Medvedev has also posted on X (formerly Twitter) a photograph of Kyiv’s main Independence Square (Maidan), with the comment that it will soon be known as Rossiya Square, and advocated the use of nuclear weapons against the neighbouring state. 

The two examples above should suffice to answer each other. How can there be negotiations to end the war as long as the objective of the aggressor–Russia–is to destroy the country it has invaded–Ukraine?

Perhaps one can dismiss Medvedev as one who writes rashly and without forethought, and who is no longer at the pinnacle of power. But he is Deputy Chairman of the Russian Security Council, a position of some authority and very much at the center of the Putin administration. 

Ukrainians today are fighting for their existence. They make no territorial claims other than to regain the borders of their state that were recognized both nationally and internationally in 1991. They have been at war for ten years against a more powerful and more numerous neighbor, and for two years in a broader war that began with a failed attack on their capital city. 

Moreover, Vladimir Putin has always maintained that any negotiations must accept as a premise that Ukraine cede four of its regions (Donetsk, Luhansk, Kherson, and Zaporizhzhia) to Russia, in addition to Crimea. Two of these territories are only under partial Russian occupation. All were within the borders of Ukraine accepted by Russia in the treaties of 1997 and 2004

On what grounds does Putin claim them?
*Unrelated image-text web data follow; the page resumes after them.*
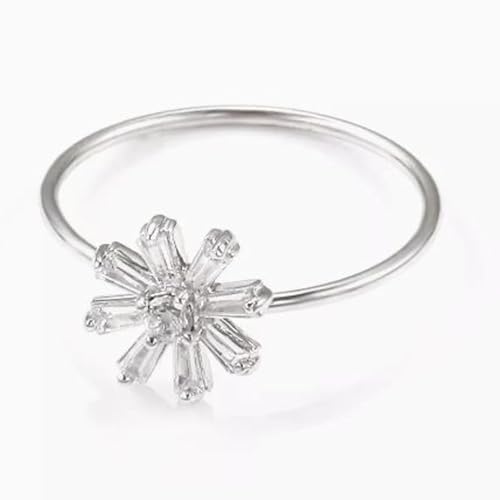 Bague de mariage rectangle en argent 925 et moissanite d'exception - 4
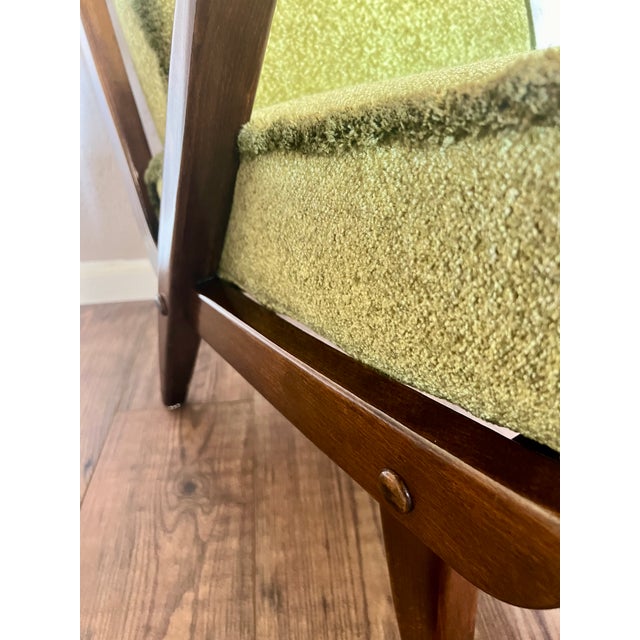 Mid-Century Italian Easy Chair in Bentwood by Guglielmo Ulrich, 1950s For Sale - Image 4 of 11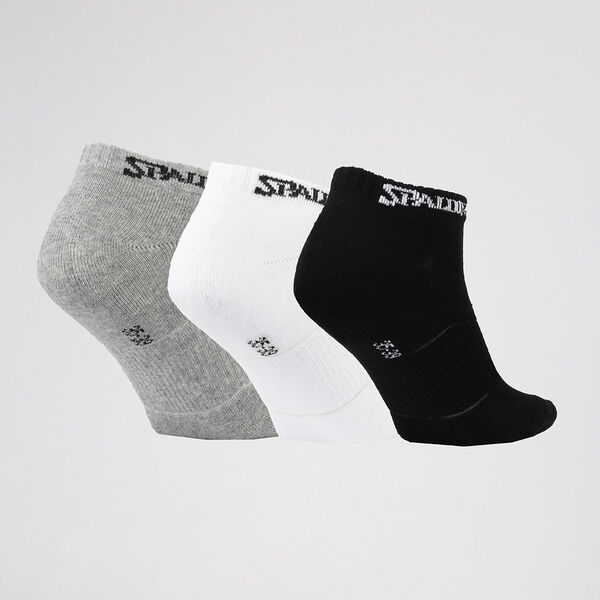 Pack de Medias Algod&oacute;n Spalding Low Cut X3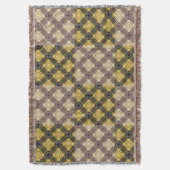 パター市松模様にン.02 スローブランケット (正面縦)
The answer is that they were formerly part of the Russian Empire that collapsed in February 1917. 

It is plain that acquisition of territory is a prime goal of Putin, and that Putin in general adheres to the same views as Medvedev, i.e., that there should be no state of Ukraine on the map of Europe. 
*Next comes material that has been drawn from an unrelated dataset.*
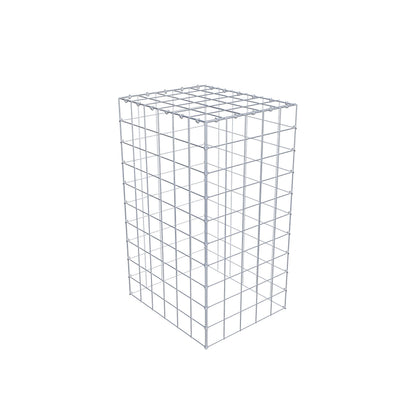 Monteret gabion type 3 100 cm x 60 cm x 50 cm (L x H x D), maskestørrelse 10 cm x 10 cm, C-ring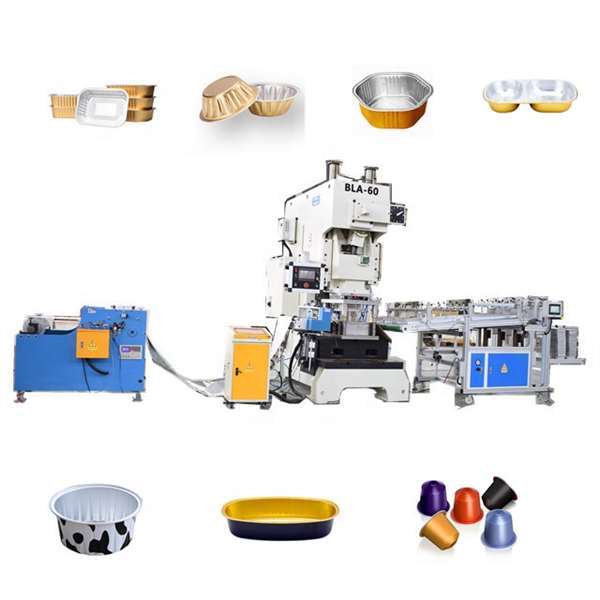 Aluminum foil food container production line machines and equipment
In short, as should have been apparent long ago even to the most jaundiced observers, the current war was never about the expansion of NATO and has always concerned the existence of a Ukrainian state and its aspirations to move closer to the EU and Western-style democracy.

And yet, those who advocate fuller US, UK, and EU support for Ukraine are often labelled as warmongers by Western critics. As he has done recently, Anatol Lieven is evidently going to argue that, as Russia is currently having some success on the battlefront, the West should cease aid to Ukraine and seek to push the country to seek what would be an extremely unfavorable peace agreement.
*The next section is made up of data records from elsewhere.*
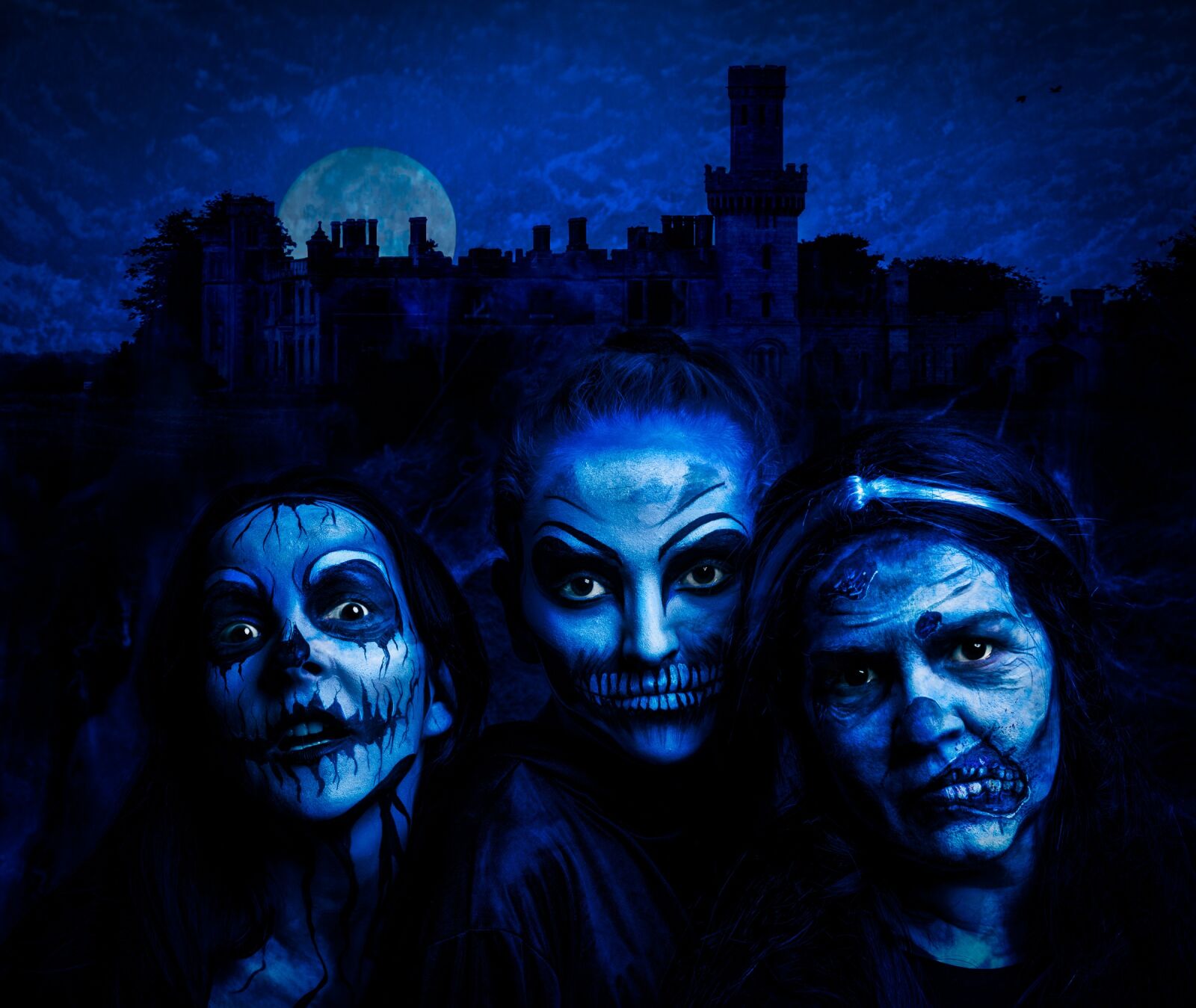 Nikon D7100 sample photo. Witch, blue, halloween photography
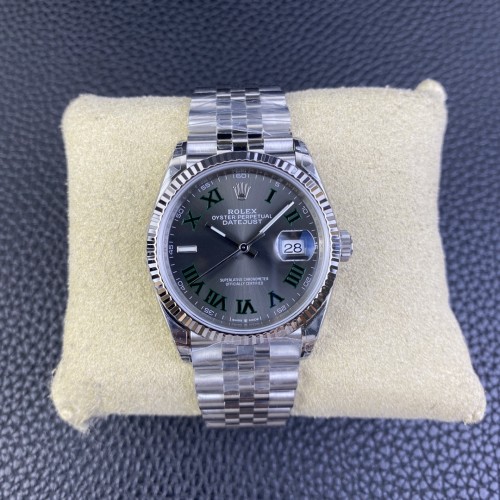 Datejust 126234 36mm Jub SS/SS Grey/Rmn VSF VS3235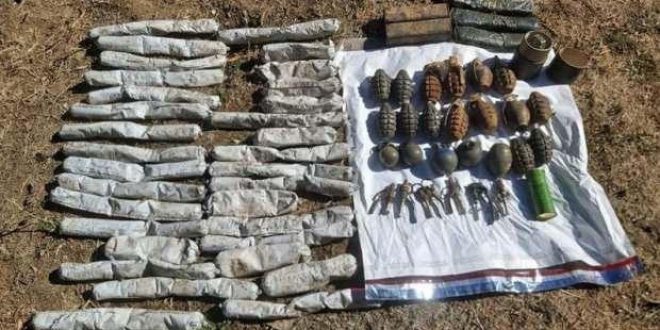 Eren-11 operasyonunda ele geçirilen mühimmat açıklandı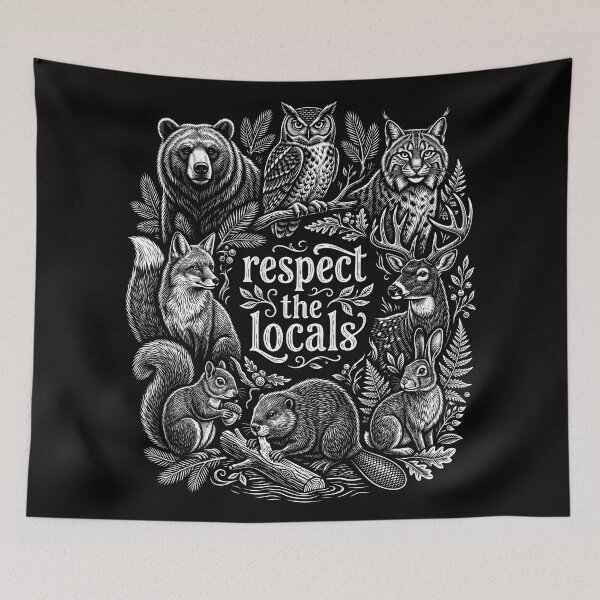 Item preview, Respect The Locals Wildlife Mountains Shirt designed and sold by ehabm15.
In 2008, the US-led NATO forces pushed the Serbian army out of Kosovo, just as a UN-led force removed Saddam Hussein’s troops out of Kuwait in 1991. But there is a reticence in some circles to offer the same sort of commitment to Ukraine. It exists in some members of the US Republican Party (not least Donald J. Trump, its likely presidential candidate) as well as some countries of the EU. 

But such a commitment is needed if only to prevent the expansion of a regime that has become autocratic and ruthless, and which is imperialistic in its national policies. The revival of imperialism is a reversion back to the Russian Empire, as well as a reversal of the post-1991 developments. 

Potentially, a complete victory in Ukraine would be perceived in Moscow as a starting point for further gains in the south or even into NATO-member territories.

There is, however, another logical starting point for peace negotiations, which is the departure of Russian forces from all areas of Ukraine. One year ago, the then Finnish Prime Minister Sanna Marin made the same comment.

If that is not acceptable to Moscow, then the United States and others should step up their commitment to the defense of Ukraine. Losses will remain high, but Ukrainians will always prefer to fight for their freedom rather than become part of a Greater Russia.

 

ABOUT THE AUTHOR:

      DAVID R. MARPLES

Chair of Eastern Europe Studies, CGC; Author “Understanding Ukraine and Belarus: A Memoir”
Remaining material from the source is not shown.